Entramos na era da preguiça intelectual?

Por: Michele Muller

|

Artigos de Educação

25 de set. 2025
Entramos na era da preguiça intelectual?

Por Michele Müller

George Platen estava ansioso pela chegada do Dia da Profissão, quando saberia se sua ambição profissional se realizaria. Queria ser programador. Mas no mundo futurístico em que vivia ninguém tinha o privilégio de escolher a ocupação. Com o trabalho intelectual dominado pelas máquinas, o governo precisou criar um sistema otimizado de distribuição de papéis, combinando a demanda do mercado com a propensão dos jovens para certas ocupações que ainda cabiam aos humanos. Neste dia tão esperado, promovido anualmente, era feita uma espécie de download de informações necessárias para os jovens exercitarem seu trabalho.

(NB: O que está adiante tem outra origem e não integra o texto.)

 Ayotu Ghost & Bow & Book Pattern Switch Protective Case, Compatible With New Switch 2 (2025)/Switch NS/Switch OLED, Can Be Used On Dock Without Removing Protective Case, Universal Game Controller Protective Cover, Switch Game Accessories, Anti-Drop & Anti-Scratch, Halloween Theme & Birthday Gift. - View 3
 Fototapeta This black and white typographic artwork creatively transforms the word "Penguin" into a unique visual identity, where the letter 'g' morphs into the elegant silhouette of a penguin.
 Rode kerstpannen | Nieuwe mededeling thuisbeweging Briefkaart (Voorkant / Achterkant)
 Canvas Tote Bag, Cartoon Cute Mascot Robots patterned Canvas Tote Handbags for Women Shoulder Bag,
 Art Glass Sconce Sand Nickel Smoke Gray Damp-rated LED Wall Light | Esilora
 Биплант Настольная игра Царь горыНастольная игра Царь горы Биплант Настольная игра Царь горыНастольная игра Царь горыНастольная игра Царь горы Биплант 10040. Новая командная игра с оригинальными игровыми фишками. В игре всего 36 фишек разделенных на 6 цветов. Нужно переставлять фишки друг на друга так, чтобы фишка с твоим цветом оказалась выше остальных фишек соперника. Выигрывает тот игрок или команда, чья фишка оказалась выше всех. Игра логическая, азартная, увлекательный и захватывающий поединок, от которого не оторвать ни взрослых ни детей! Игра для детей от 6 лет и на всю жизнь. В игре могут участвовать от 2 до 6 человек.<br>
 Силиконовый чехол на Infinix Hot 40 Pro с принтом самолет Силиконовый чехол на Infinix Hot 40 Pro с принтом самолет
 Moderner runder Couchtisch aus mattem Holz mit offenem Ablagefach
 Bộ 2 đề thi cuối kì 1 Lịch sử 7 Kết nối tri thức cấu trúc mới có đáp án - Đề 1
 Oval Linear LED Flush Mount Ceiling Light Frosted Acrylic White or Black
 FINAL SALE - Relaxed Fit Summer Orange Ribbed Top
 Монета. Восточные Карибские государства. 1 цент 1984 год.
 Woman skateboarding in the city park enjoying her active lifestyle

Para aumentar as suas chances de poder seguir a carreira que desejava, Platen se preparou lendo todos os livros que encontrou sobre o assunto – uma atitude tão incomum para a época que era motivo de deboche. O dia fatídico foi uma decepção: ao contrário dos seus amigos, que ganharam profissão e, de forma quase instantânea, todos os conhecimentos necessários para exercê-las, ele foi levado a uma escola diferente. Lá o conhecimento era ganho de forma lenta, ao longo dos anos e com base em erros e acertos. Os poucos enviados àquele lugar faziam o que ninguém mais precisava ou queria fazer: ler livros. George não fazia ideia de por que havia sido enviado para lá. Achou que não haviam acreditado em sua capacidade. Finalmente, foi-lhe revelada a verdadeira função daquela instituição tão estranha, tão à moda antiga: lá se formavam os líderes da humanidade, os poucos que tinham competência para tomar decisões complexas e pensar de forma criativa.

A Profissão é um dos inúmeros contos em que a imaginação de Isaac Asimov visitou o futuro e não trouxe só boas notícias. O que é preocupante, pois as centenas de histórias que lançou há quase 70 anos acabaram se revelando assustadoramente proféticas: ele previu que todos teriam computadores e que eles seriam ferramentas essenciais na educação; previu que as máquinas ficariam cada vez menores e mais poderosas, que teríamos uma rede mundial de informações, que criaríamos dependência tecnológica e que esse hábito iria interferir profundamente em nossa forma de sentir, agir, pensar e interagir. De forma surpreendente, previu que relacionamentos seriam em grande parte transferidos ao mundo virtual, que informações poderiam ser armazenadas não em dispositivos físicos, mas no que hoje chamamos de “nuvem”, e que as máquinas não apenas assumiriam trabalhos intelectuais, como ficariam mais inteligentes que os humanos. Previu ainda a criação do que conhecemos atualmente como big data e sua influência nas tendências políticas e sociais.

Dentre todos os cenários vislumbrados pelo escritor, o declínio nas habilidades humanas de raciocínio, criatividade e interação social, em paralelo à ascensão da inteligência artificial, é um dos mais alarmantes. Esse processo de transferência de inteligência passa, naturalmente, pelo completo desinteresse das pessoas pela leitura e pelos livros. E tudo indica que Asimov acertou também nessa triste descrição dos rumos que a humanidade tomaria. O que ele não previu é que tudo isso aconteceria em um futuro tão próximo. 

Os índices de leitura vêm caindo de forma drástica nos últimos anos em todos os cantos do mundo. A queda é acompanhada, não surpreendentemente, pela perda da capacidade de sustentar a atenção por tempo prolongado e de aprender coisas novas. Os resultados do último PISA (Programme for International Student Assessment), de 2022, mostraram o declínio mais drástico da história do teste em leitura, matemática e ciências na maior parte dos países participantes, inclusive no Brasil, cujos resultados sempre foram um fiasco. Na maior parte dos países avaliados pelo programa, mesmo naqueles que tiveram aumento significativo de investimento com educação, o desempenho na leitura de jovens estudantes caiu consideravelmente nos últimos anos. 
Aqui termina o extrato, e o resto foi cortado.